Slow performance on iPhone 12/Pro/Max when copying pixel data from metal texture

Hello,

We recently noticed that copying pixel data from a meta texture to memory is a lot slower on the new iPhones equipped with the A14 Bionic.

We tracked down the guilty function on MTLTexture and found that getBytes(_:bytesPerRow:from:mipmapLevel: runs 8 to 20 times slower than 2 years old iPhones (iPhone XR).
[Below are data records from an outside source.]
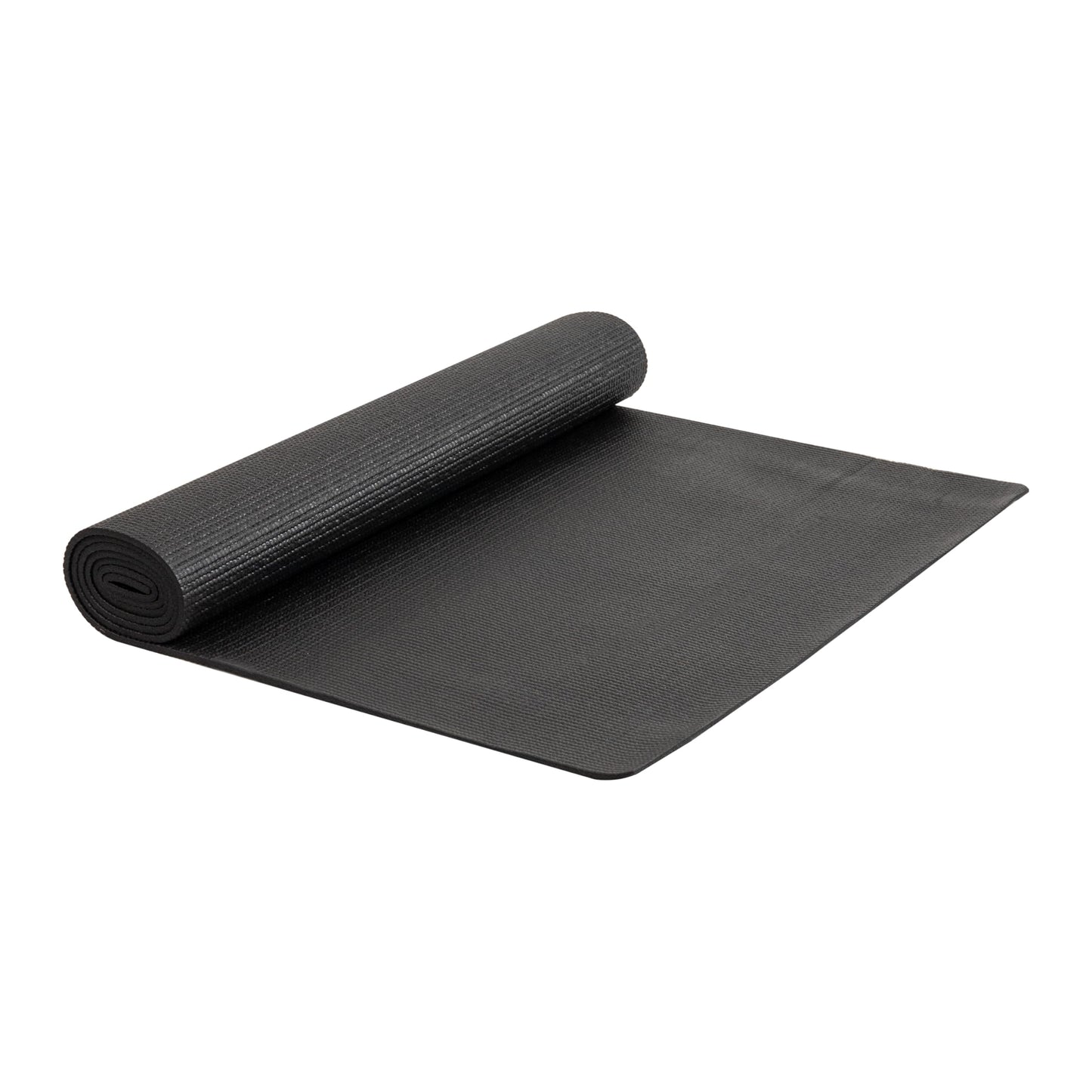 Mind Reader YOGAPVC-BLK All Purpose Extra Thick Yoga Fitness & Exercise Mats with Carrying Strap, High Density Anti-Tear, 68"L x 24"W x 0.3"Th, Black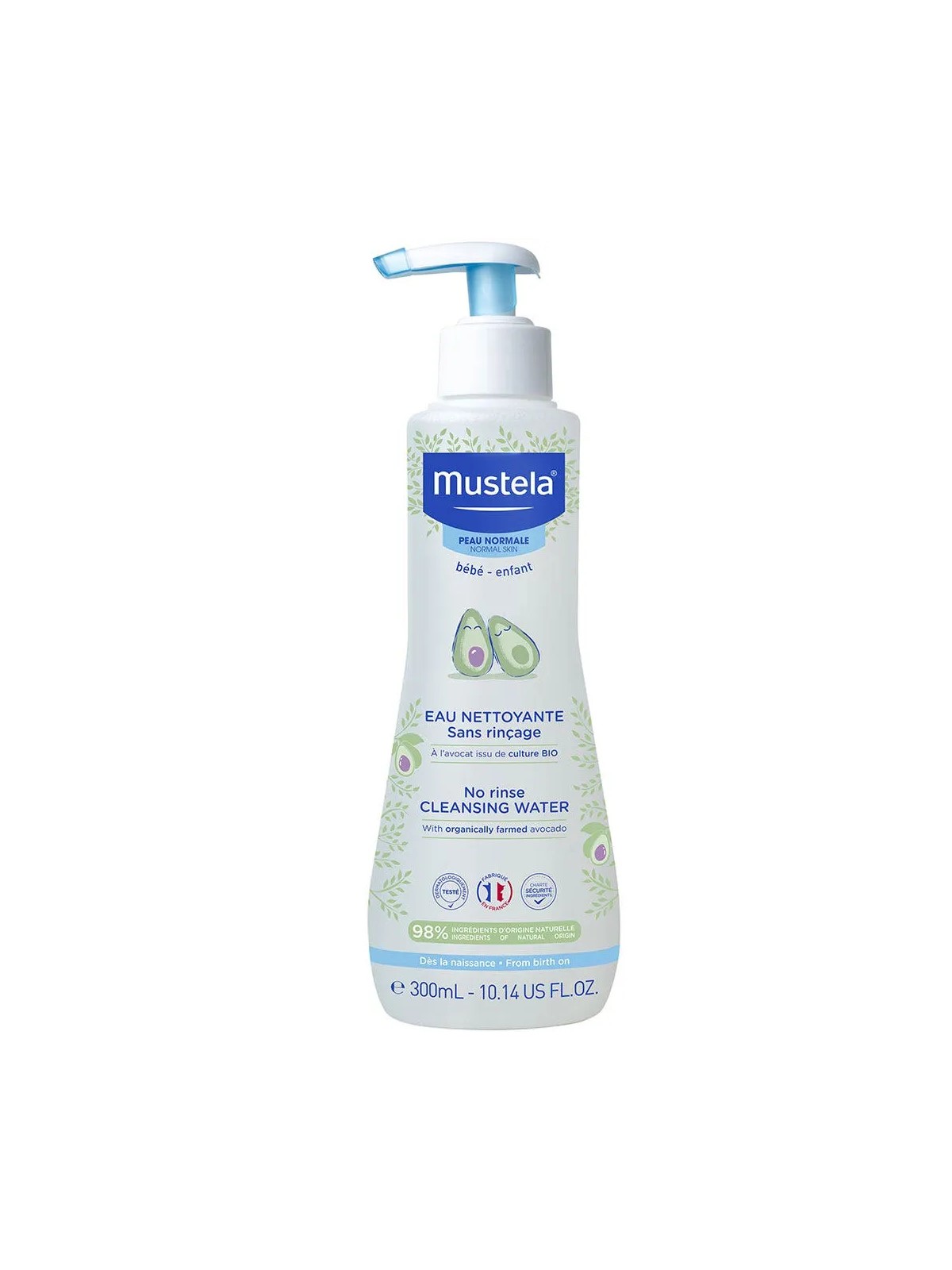 Mustela Eau Nettoyante Sans Rincage Visage Et Siege Peaux Normales 300ml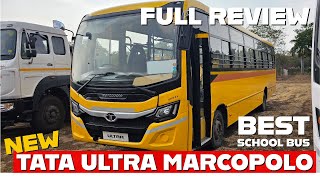 TATA ULTRA BS6 phase2 Marcopolo school Bus Detailed Specification Review and walkaroundtatamotors [upl. by Borroff]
To measure how long it takes, we used signposts.

We've created a dummy demo project where we convert a MTLTexture to a CVPixelBuffer in this project: https://github.com/alikaragoz/UsingARenderPipelineToRenderPrimitives

The interesting part is located at this line: https://github.com/alikaragoz/UsingARenderPipelineToRenderPrimitives/blob/41f7f4385a490e889b94ee2c8913ce532a43aacb/Renderer/MetalUtils.swift#L40

Do you guys have an idea about what could be the issue?

Accepted Reply

I submit a feedback and get the reply:

This likely has to do with the internal representation of the texture data, which on certain newer Apple Silicon GPU can be compressed so as to save on bandwidth and power. However, when the CPU needs to make a copy into user memory (ie: via getBytes), it needs to perform decompression, which is what the perf issue you found likely is. There is several ways to deal with this, the best one depends on how the texture is being used by your application, which we don’t know, so we’ll just list a few options:

  1. Instead of using getBytes into user memory, allocate a MTLBuffer of the same size and issue a GPU blit from the texture into the buffer right after the texture contents you want to get have been computed on the GPU. Then, instead of calling getBytes, just read through the .contents pointer of the buffer. Additional tips for this case: create and reuse from a pool of MTLBuffer to avoid resource creation and destruction repeatedly.

  2. Keep using getBytes as you already do. However, make the GPU change the representation of the texture to be friendly to the CPU after the texture contents have been computed on the GPU. See https://developer.apple.com/documentation/metal/mtlblitcommandencoder/2966538-optimizecontentsforcpuaccess. This burns some GPU cycles, but is probably the least intrusive change. To avoid burning the GPU cycles, see the next option.

  3. Adjust the texture creation (this assumes you are creating the MTLTexture instance in your code, if it occurs elsewhere outside of your control, this option may not be possible). On the MTLTextureDescriptor, set this property to NO: https://developer.apple.com/documentation/metal/mtltexturedescriptor/2966641-allowgpuoptimizedcontents. This will make the GPU never use compressed internal representation for this texture (and you lose the GPU badwidth/power benefits, but if your usecase involves frequent CPU access, it can be a good tradeoff).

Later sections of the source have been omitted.